ドラッケンミラー氏が米国株大幅買い増し、インフレ再燃予想か

機関投資家の米国株買いポジションを開示するForm 13Fが公開されている。

まずはジョージ・ソロス氏のクォンタム・ファンドを長年運用していたことで知られるスタンレー・ドラッケンミラー氏のファミリーオフィス、Duquesne Family Officeのポートフォリオから紹介しよう。

ドラッケンミラー氏のポートフォリオ

ドラッケンミラー氏のこれまでのトレードはどんなものだったか。

ドラッケンミラー氏と言えばまずはNVIDIAだろう。AIの高度な計算に使われるGPUを製造するNVIDIAはAI銘柄の大本命であり、ドラッケンミラー氏がかなり早期に発掘し、そのままポートフォリオ中の最大ポジションとして保有し続けていた銘柄である。

NVIDIAの株価は次のように推移している。

とんでもなく上がっているNVIDIAだが、先月のインタビューでドラッケンミラー氏は購入時から6倍になったNVIDIAの株式を一部利益確定したと述べていた。

今回のForm 13Fは3月末のポジション開示だが、実際NVIDIAの買いは半分以上減らされて1.6億ドルに減額されている。

小型株指数の買い

ドラッケンミラー氏のNVIDIAに関する相場観については上記の記事を参照してほしいが、彼が米国株全体に対して弱気になったのかと言えば、そうではない。

何故ならば、Form 13Fに申告されているポートフォリオの総額は34億ドルから44億ドルに30%近く増額されているからである。

つまりドラッケンミラー氏は米国株を大幅に買い増したことになる。ではNVIDIAの代わりに最大ポジションとなった銘柄は何か。

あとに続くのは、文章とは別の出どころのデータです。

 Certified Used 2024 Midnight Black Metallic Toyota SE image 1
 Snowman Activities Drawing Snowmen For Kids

今回最大ポジションとなったのは、米国の小型株指数であるRussell 2000のETFのコールオプションの買いである。4.7億ドル分の買いとなっている。

コールオプションは株価が上昇すれば利益の出る取引なので、ドラッケンミラー氏は小型株が上昇することに賭けているということになる。

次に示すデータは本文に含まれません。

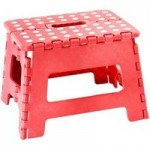 Small Red Step Stool Red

Russell 2000のETFの株価は次のように推移している。

ドラッケンミラー氏は何故小型株を買い増したのか。分析は他の銘柄を紹介し終わってからにしたい。

Microsoftの買いは維持

さて、2番目に大きいポジションとなっているのはNVIDIAと同じくAI銘柄としてドラッケンミラー氏が長らく投資しているMicrosoftである。

MicrosoftはChatGPTを製作しているOpenAIに出資しており、NVIDIAと双璧をなすAI銘柄であると言える。NVIDIAほどではないが、去年から大きく上がっている。

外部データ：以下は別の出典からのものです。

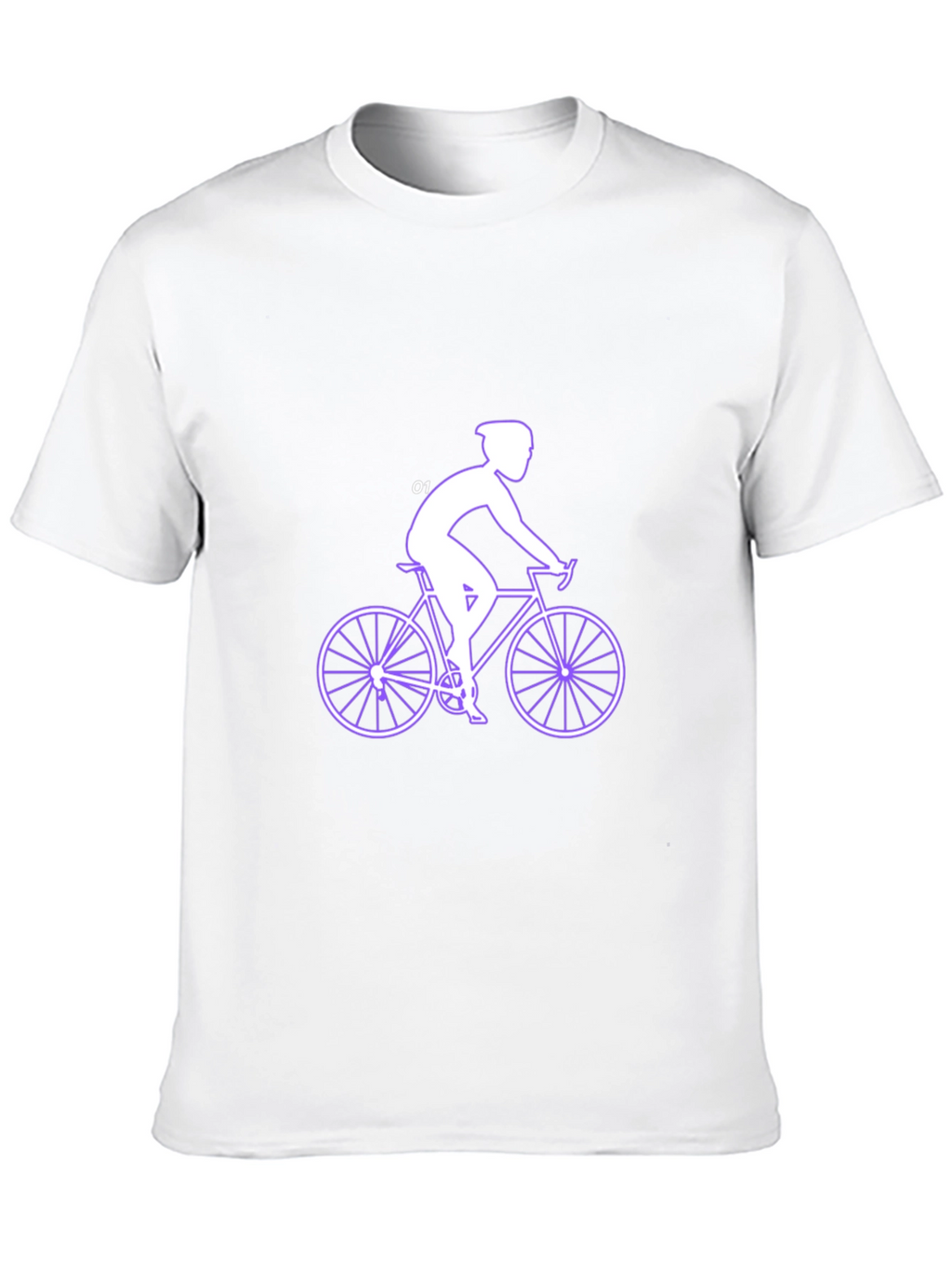 Cycling Silhouette Black T-Shirt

株数は2%増で、ほぼ現状維持だと言える。NVIDIAほどは急激に上がらなかったから長期保有を継続しているのだろう。ポジションの規模は4.7億ドルである。

ようやく急騰したCoupang

最後に紹介する3番目に大きいポジションは、韓国のAmazon.comと呼ばれるCoupangである。ポジションの規模は4.0億ドルとなっている。

Coupangもまたドラッケンミラー氏は長らく保有している銘柄だが、長らく不遇なままだった。

しかしチャートを見れば今年の初めから上昇に転じている。

タイミング的には中国株が反発し始めた頃と重なるから、その影響だろうか。また、Coupangは2023年に黒字転換しており、それも理由だろう。

ドラッケンミラー氏が米国株を買い増した理由

さて、ではドラッケンミラー氏は何故米国株を買い増したのだろうか。

ヒントは最大ポジションが小型株ETFだったことである。

グローバルマクロ戦略で小型株を買うべき状況は何か。金利低下かリスクオンの状況である。つまりドラッケンミラー氏は強気相場を予想している。

その理由は何だろうか。ドラッケンミラー氏が最近のインタビューで、パウエル議長の利下げ予告がインフレを再加速させかけていることに激怒していたことを思い出したい。

ドラッケンミラー氏はパウエル議長がインフレ退治をやり切るとは信じていない。逆に言えば、リスクオフになるような急激な引き締めは行われないと踏んでいるのかもしれない。

いずれにしても小型株を大量買いするような状況とはそういうものだ。ドラッケンミラー氏はリスクオンを予想している。それは米国株を買い持ちにしている投資家には朗報だろう。